The answer is two-fold. First, the frustratingly unquantifiable: he might not be fully healthy. Carpenter suffered a strain of his right oblique last July, and came back from the injury (barely four weeks later) notably diminished. He hit just .229/.316/.410 over the final two months of the season, in 215 plate appearances. It’s possible that injury either never fully healed, or didn’t heal until the offseason—by which time he might have developed some bad habits, like looking for pitches he didn’t need to reach for as much, be it down or away, and letting strikes go by rather than test the tender muscle, or like swinging with his arms more and relying less on his core.

The other answer looks like this:

Matt Carpenter, Shifted PA as a Percentage of Total PA, 2014-2017

Season

PA Against IF Shift

Total PA

Percentage

2014

37

709

5.2

2015

61

665

9.2

2016

212

566

37.5

2017

88

223

39.5

Matt Carpenter, Average Starting Distance For Defensive Positions, 2015-2017

Season

Second Base

Third Base

Center Field

Left Field

2015

147 ft.

102 ft.

309 ft.

287 ft.

2016

150 ft.

110 ft.

318 ft.

294 ft.

2017

155 ft.

117 ft.

320 ft.

297 ft.

The game keeps closing itself off to Carpenter. Infielders at the vital spots (for a left-handed hitter) are playing him deeper, and infields themselves are shifting against him far more often than ever. In the outfield, Carpenter’s power has opponents convinced, so they’re playing him deeper out there, too. He’s losing doubles, sometimes watching them turned into outs, other times into singles.

Given these phenomena—an injury that might still be holding him back, and opposing defenses making it less valuable than ever for him to hit anything but a homer—Carpenter’s change in approach seems perfectly reasonable. The fact that it was a risky switch doesn’t change that. The fact that it hasn’t worked out well so far doesn’t, either. Now, Carpenter is (even by his own manager’s account) a guy who takes losing and failure hard. He’s intense, and tends to try to blast through adversity.

At age 31 and with a potentially lingering injury, Carpenter might be wise to change in the opposite direction—going back to his 2014 self, with a flatter swing, excruciating selectivity, a little less plate coverage, and a little more contact. Given his personality, though, and the fact that he’s had so much success striving to be a power hitter recently, it’s not surprising that he’s looking to simply knock the ball all the way over all those deeper fielders and shifted infields.

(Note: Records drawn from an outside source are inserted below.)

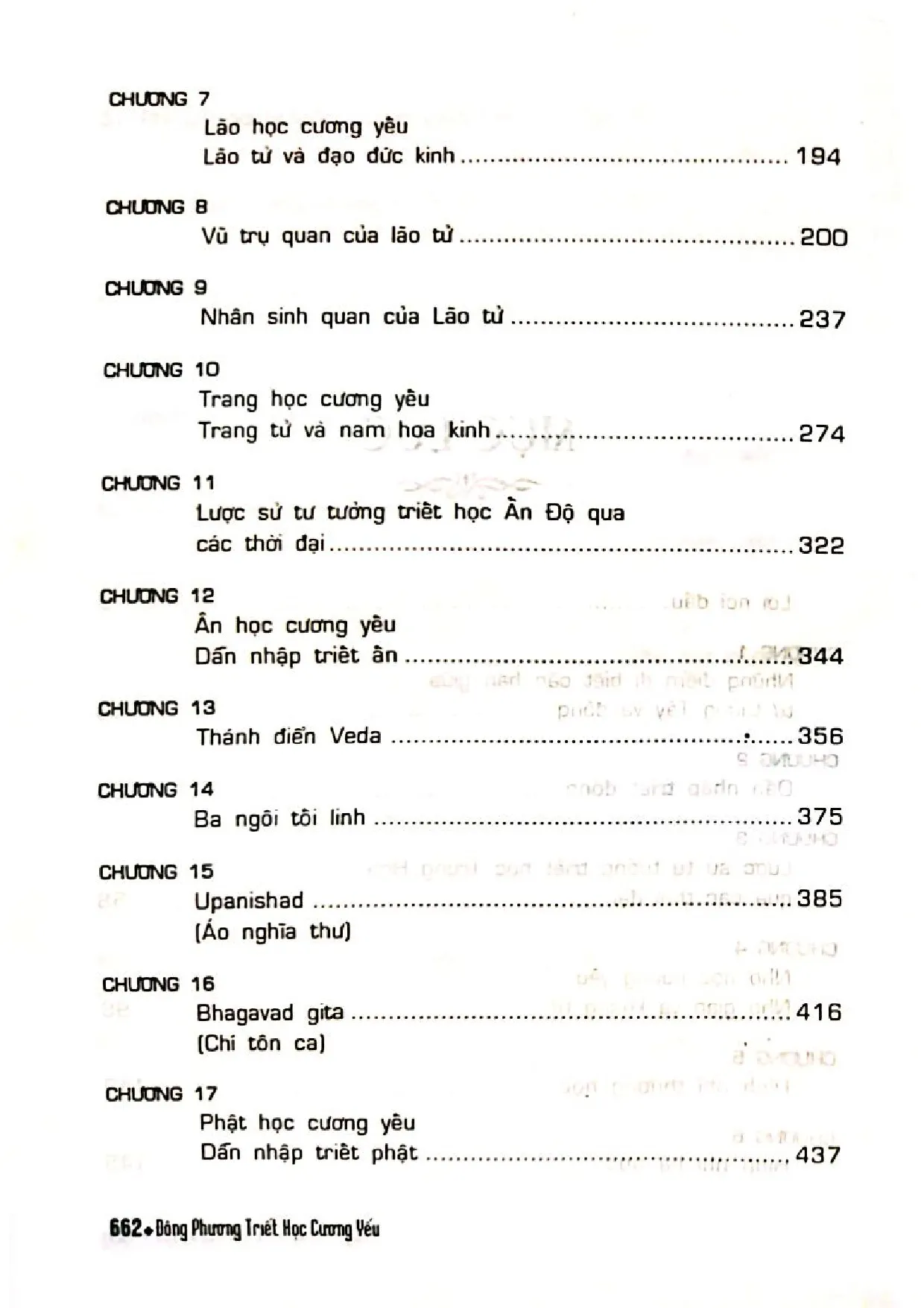 Mục lục chi tiết trang 1 sách Đông phương triết học cương yếu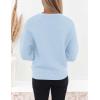 imageZESICA Womens Crew Neck Long Lantern Sleeve Fall 2025 Casual Loose Ribbed Knit Solid Soft Pullover Sweater TopsLightblue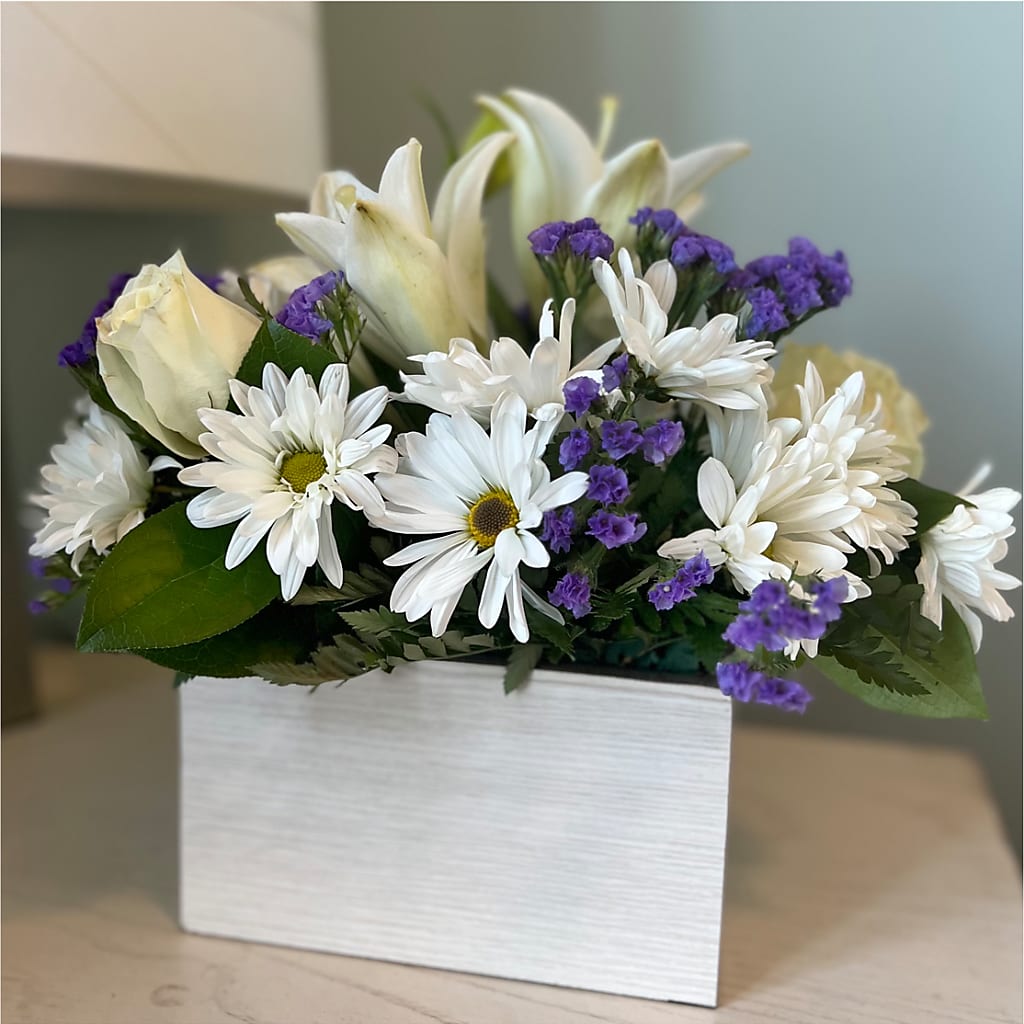 Beyond Blue Box Bouquet –  Olive Branch Flowers, Chittenango NY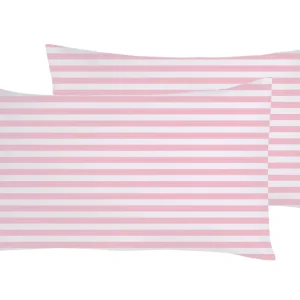 Set 2 federe coppia di federe stampa digitale 100% cotone, Made Italy RIGA MINI ROSA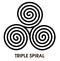 Vector breton and celtic original spiral triskele symbol. Black celtic triskelion spirals over white. Mystical
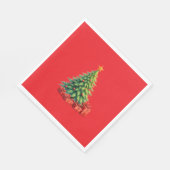 Weihnachtsfarben, dekorierter Weihnachtsbaum, Serviette (Ecke)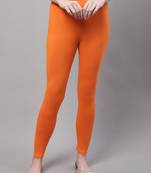 Orange Solid Ankle Length Legging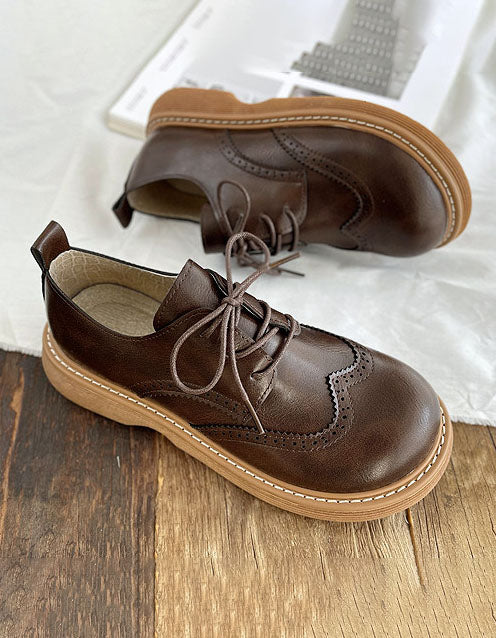 Scarpe Oxford Donna Punta Quadrata Larga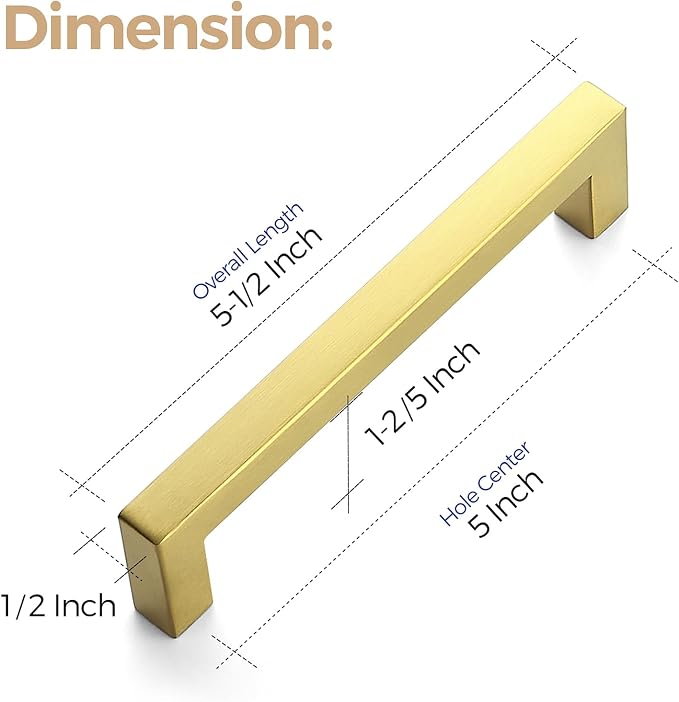 Ravinte Brushed Brass Square Cabinet Handles Drawer Pulls,5 Inch,10 Pack | Screws Included, Stainless Steel, Square Bar Grip, Easy Install, Kitchen Cabinet Hardware, For Cupboards, Drawers, Dressers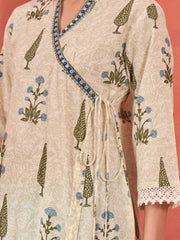 Women White Floral Wrap Kurta With Pencil Pants & Dupatta
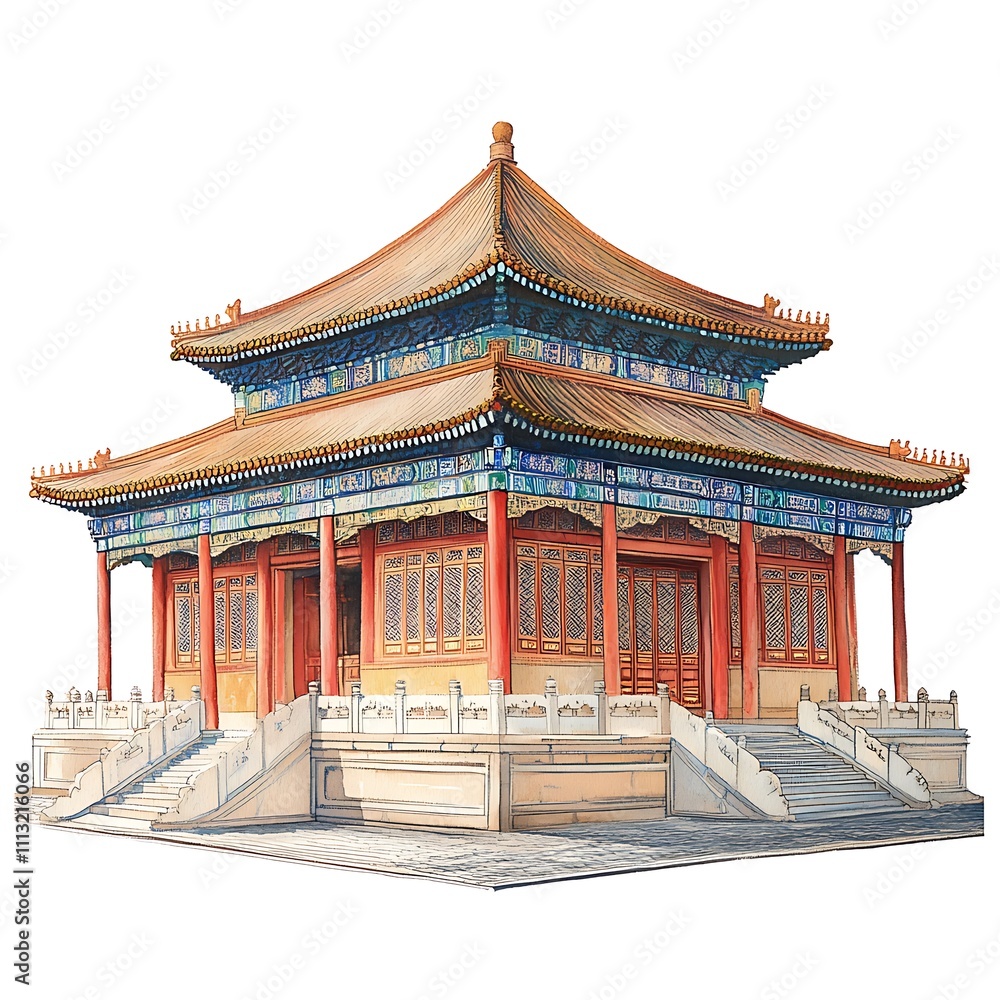 Fototapeta premium A Detailed Watercolor Illustration of a Traditional Chinese Pavilion with Elaborate Architecture and Decorated Roof.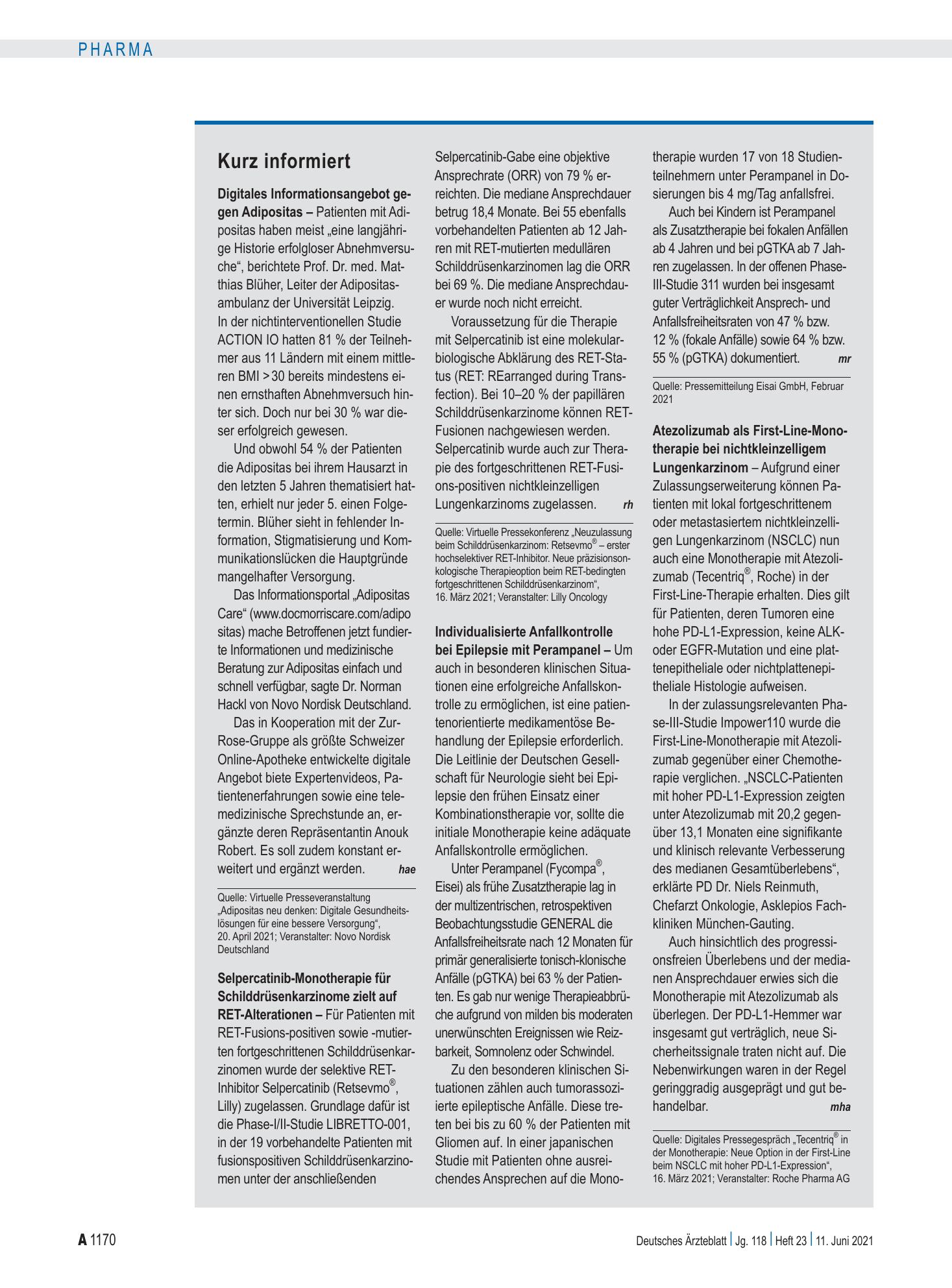 Vorschauseite 1: Kurz informiert – Deutsches Ärzteblatt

Because we have more granular data on MLB games with seemingly every passing year, it’s always tempting to start talking about replacing measurements of outcomes with measurements of process. In truth, though, almost everything we see on the field is an outcome. Carpenter’s and Pham’s average launch angles are outcomes, where the process is every decision they make to swing, every actual swing, every part of that swing. No one is chasing a single, ideal average launch angle. For the most part, everyone is looking for the kind of pitch they can most consistently turn into positive offensive outcomes, and they’re making whatever changes to their swing allow them to do that without giving something up on other pitches.

Not everyone should be trying to hit more home runs, but for many guys, hits on any other batted ball are getting harder to find. Launch angle matters. Guys like Pham can profit easily from increasing it, because they’re approaching the optimal figure from beneath. Carpenter was already right around his optimal average range, so increasing launch angle hasn’t solved any problems for him this year. On the other hand, it seems possible that he’s not able to do anything else, and it’s almost certain that he needed to make a change like this in order to combat the changing way opponents are treating him defensively.

Statcast data is really valuable in our ongoing effort to understand players better, but in order to tap into that value, we need to understand that all players are unique, and that there are a whole bunch of layers to any conversation that starts with launch angle.